[Records drawn from a dataset]
-=-=-=-=-
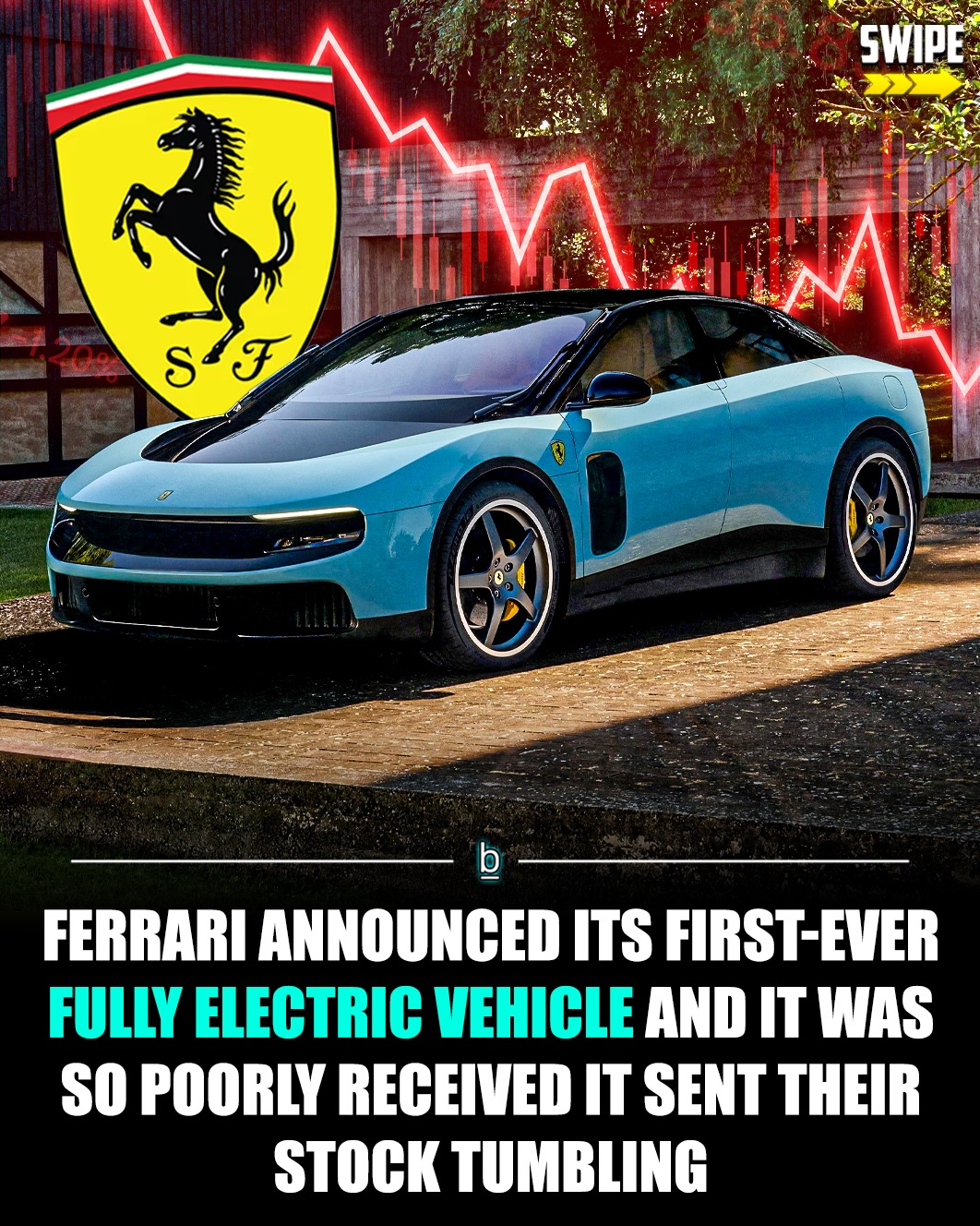 What do you think of Ferrari’s new car? 🤔

Ferrari unveiled its first-ever fully electric vehicle and the internet wasted absolutely no time roasting it. 🏎️👎

The Ferrari Luce was supposed to mark a massive moment for one of the most iconic luxury brands on earth, but instead the reaction was so rough that Ferrari’s stock reportedly dropped as much as 6.3% following the reveal. 📉

A lot of the backlash has centered around one thing: it just doesn’t feel like a Ferrari.

From the icy blue launch color instead of classic Ferrari red to the futuristic EV styling, fans are saying the Luce looks more like a high-end concept car or a future Mustang than something carrying the prancing horse badge. 😂

Ferrari says the car was designed with Jony Ive and LoveFrom, will come in 35 colors, feature AWD, four doors, five seats, and a radically different interior than anything they’ve made before.

To be fair, people hated plenty of iconic designs when they first dropped. And realistically, once these start showing up in person, opinions will probably change fast. 

But right now? Ferrari fans are definitely struggling with the idea of an electric Ferrari that looks nothing like the Ferraris they grew up obsessing over. 🚫

Follow 👉 @brobible for all things “dude” 😎 

#cars #ferrai #guys #men #dudes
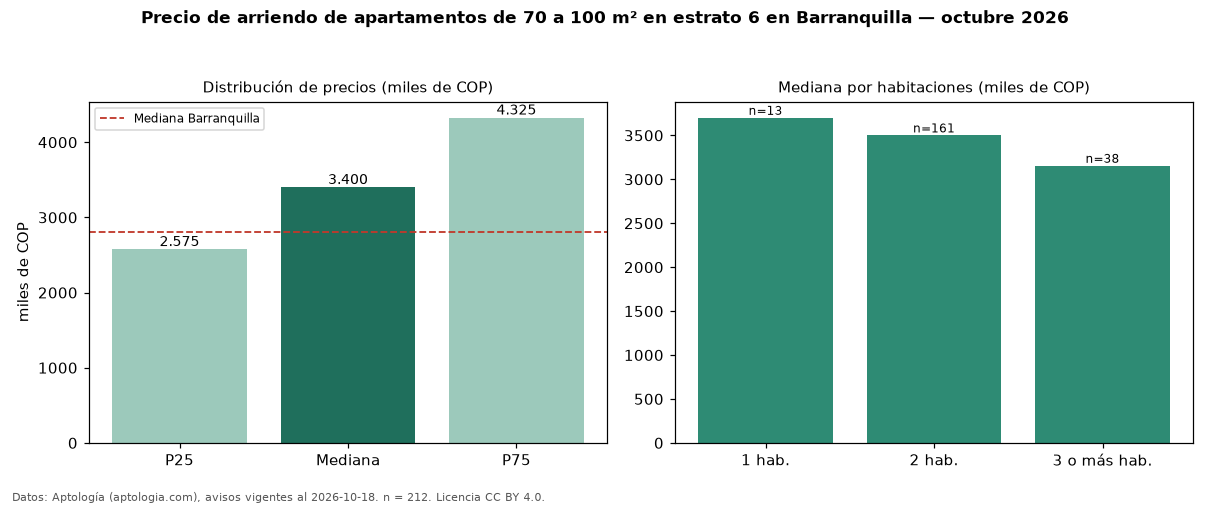 Precio de arriendo de apartamentos de 70 a 100 m² en estrato 6 en Barranquilla — octubre 2026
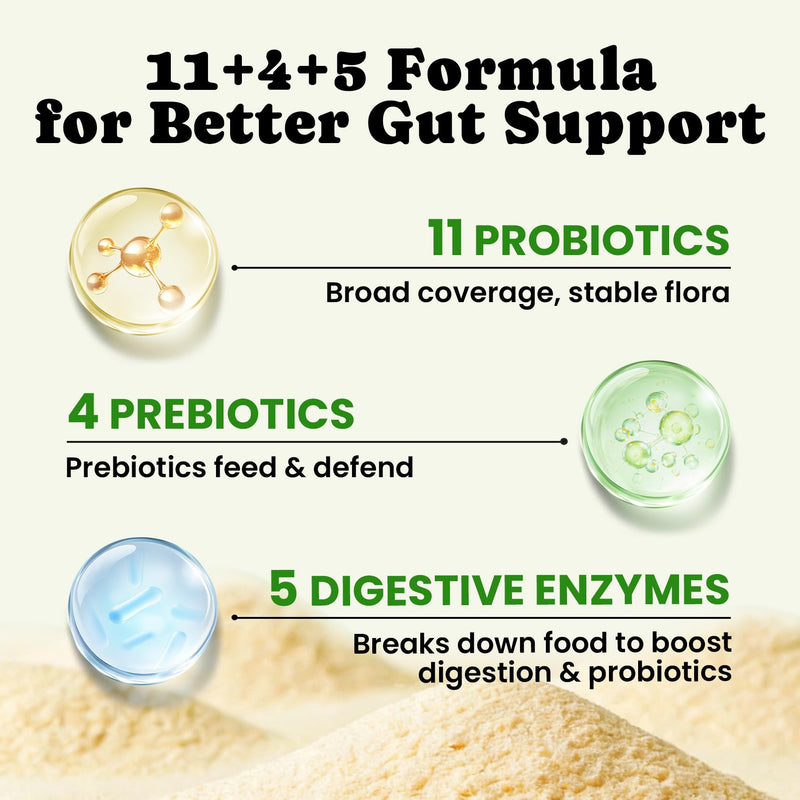 Gut & Skin Health Bundle for Dogs & Cats – Probiotic Powder + Liquid Collagen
-=-=-=-=-
_Instructions to follow_: When you find the line that contains "Precio de arriendo", retype it and every line after it through the end of the data above, exactly, with no pictures.

_Response_:
 Precio de arriendo de apartamentos de 70 a 100 m² en estrato 6 en Barranquilla — octubre 2026
 Gut & Skin Health Bundle for Dogs & Cats – Probiotic Powder + Liquid Collagen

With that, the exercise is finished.